With the certified volumes of both solar PV and bioenergy technologies increasing significantly – and despite the tariff decline for solar PV -, planners realised that the annual purchase cost of the FiT scheme would reach JPY 3.6 trillion 11 (USD 33 billion) by 2019, which would almost have reached the targeted yearly cost of JPY 3.7 trillion to JPY 4 trillion for the year 2030.
Hence, even though significant amounts of renewable capacity have been added, this has been achieved at a relatively high cost. Indeed, one of the main challenges of a FiT scheme is to set an adequate tariff level in a rapidly changing environment. Furthermore, between a quarter and more than a half of the projects that were approved during 2012 (23%), 2013 (49%) and 2014 (59%), had not been implemented by the end of 2018. Among the main causes for delayed FiT project implementation were a missing mandatory time frame and grid connection difficulties. As a result, the government announced a legislative change for projects that had not come online by a deadline. This reduced FiT support to JPY 21/ kWh or less, instead of initial price.
Moreover, the FiT scheme in general offers fixed prices to generators with no price signals, giving them little incentives to produce electricity when most needed. Although for solar PV, the bulk of generation coincides with periods of peak demand, especially in summer, more provisions can be considered for increased renewable energy deployment. A system in which renewables’ generators could help manage supply-demand balances was thus considered necessary.
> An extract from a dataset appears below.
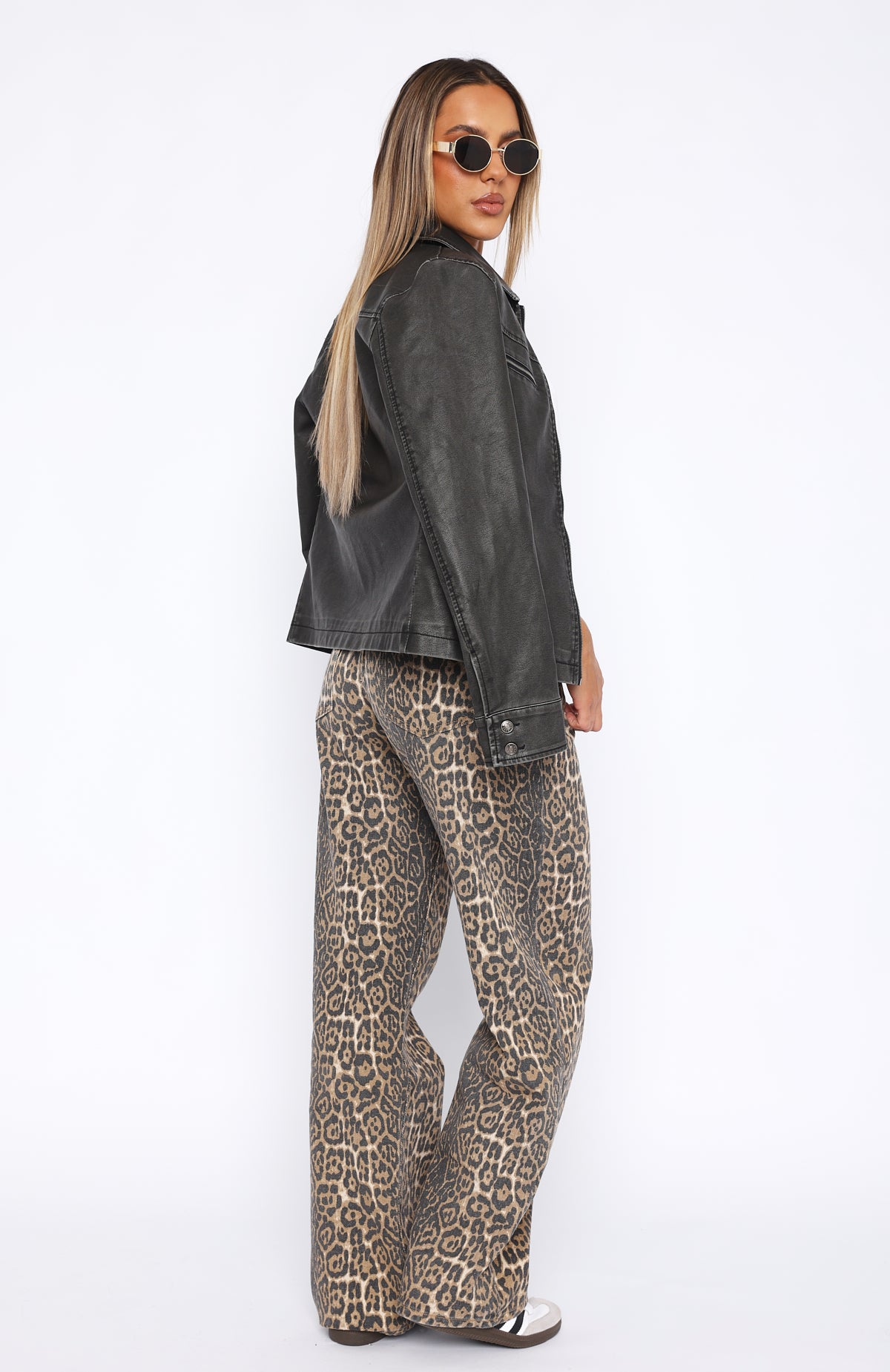 Stella Low Rise Wide Leg Jeans Leopard - Image 4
Consequently, policymakers in Japan explored alternatives to deploy renewables more competitively, in a timely manner and addressing system’s needs. They chose to adopt auctions, which can be designed in a way that eases the integration of renewable energy and ensures timely project completion. In 2020, a feed-in-premium (FiP) scheme was announced. It will be introduced in 2022, in addition to FiT scheme.
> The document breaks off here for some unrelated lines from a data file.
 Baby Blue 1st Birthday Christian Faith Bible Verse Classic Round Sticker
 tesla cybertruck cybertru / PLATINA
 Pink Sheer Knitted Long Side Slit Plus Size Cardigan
Renewable energy auction results
Auctions have the potential to support Japan’s objectives given their following strengths:
• Through a power purchase agreement (PPA), auctions can provide stable revenues for developers and thus certainty regarding price – as a FIT does – while also committing quantities to help policy makers achieve renewable targets, which is comparable to an RPS.
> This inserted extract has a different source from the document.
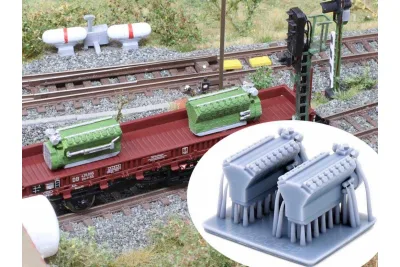 Modellbahn Union H0-A00458: H0 16 Zylinder Dieselmotor 2x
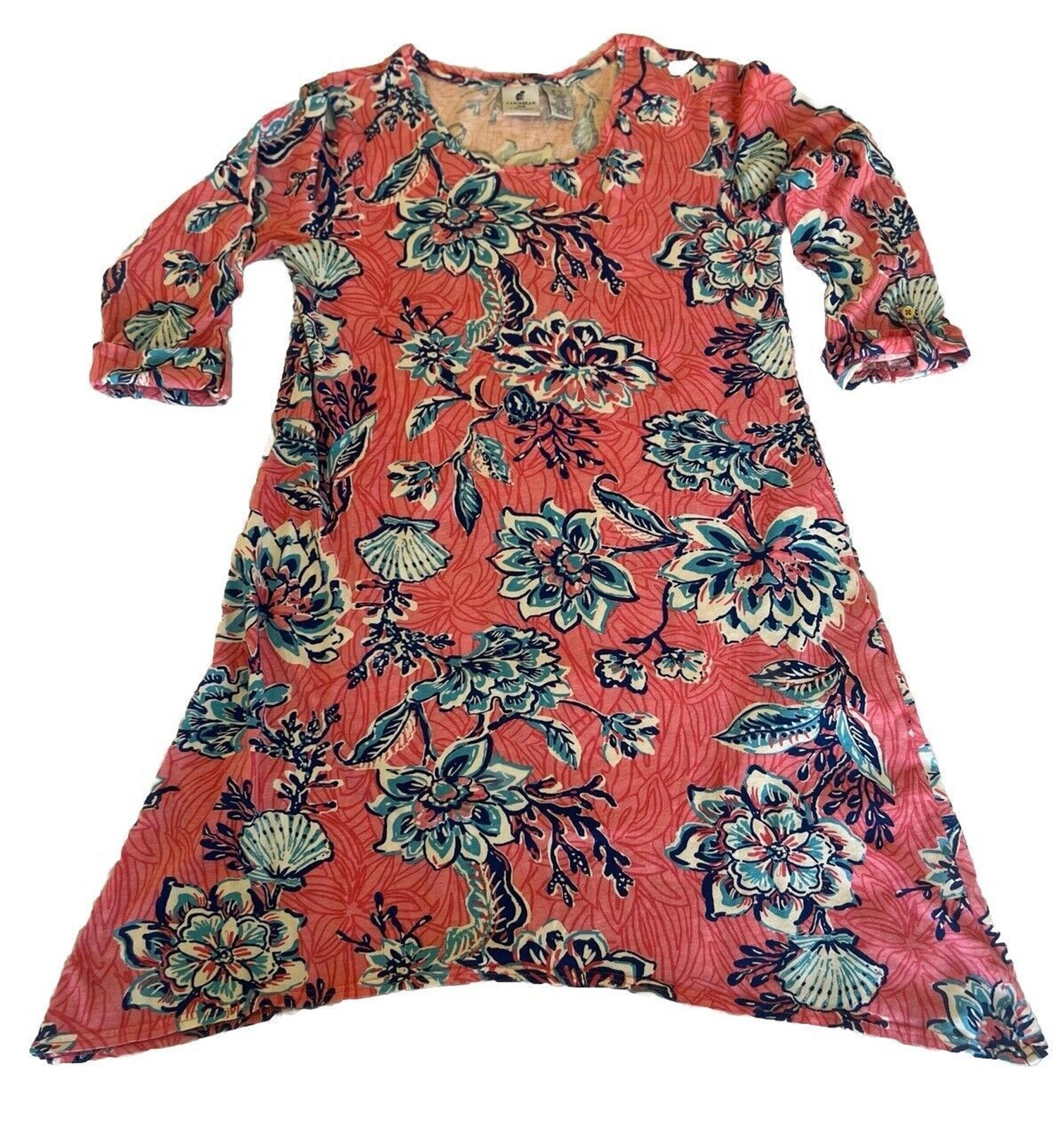 Caribbean Joe Dress 3/4 Rolled Sleeve Size Small Blue Pink Floral Cotton Blend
• Their ability to discover real prices, if designed to achieve that objective, can help deploy renewables in a cost-effective fashion.
• Auctions are flexible in design and can help achieve broader policy objectives. Indeed, renewable energy auctions are increasingly being used around the world to achieve objectives beyond price, including timely project completion, the integration of variable renewable energy, and supporting a just and inclusive energy transition.
In 2016, the FiT Act was revised to enhance competition in the market and reduce prices, with Japan’s first renewable energy auctions then announced. As of October 2020, Japan had conducted five solar PV auctions and two biomass auctions. Moreover, it had plans to conduct an offshore wind auction.
The first five rounds attracted a large number of participants, with 29, 19, 38, 146 and 110 bids registered, respectively, and the majority of those bids were qualified. In fact, in the second, third and fourth rounds, the capacities of the qualified bids exceeded the volumes auctioned (corresponding to 15, 32 and 107 bids, respectively). Even in the first auction, qualified bids (23) corresponded to almost 80% of auctioned volume. However, only 9, 9, 16, 71 and 72 bids were placed after qualifying. As a result, the first, second, fourth and fifth rounds were undersubscribed, with participating capacity below auctioned capacity.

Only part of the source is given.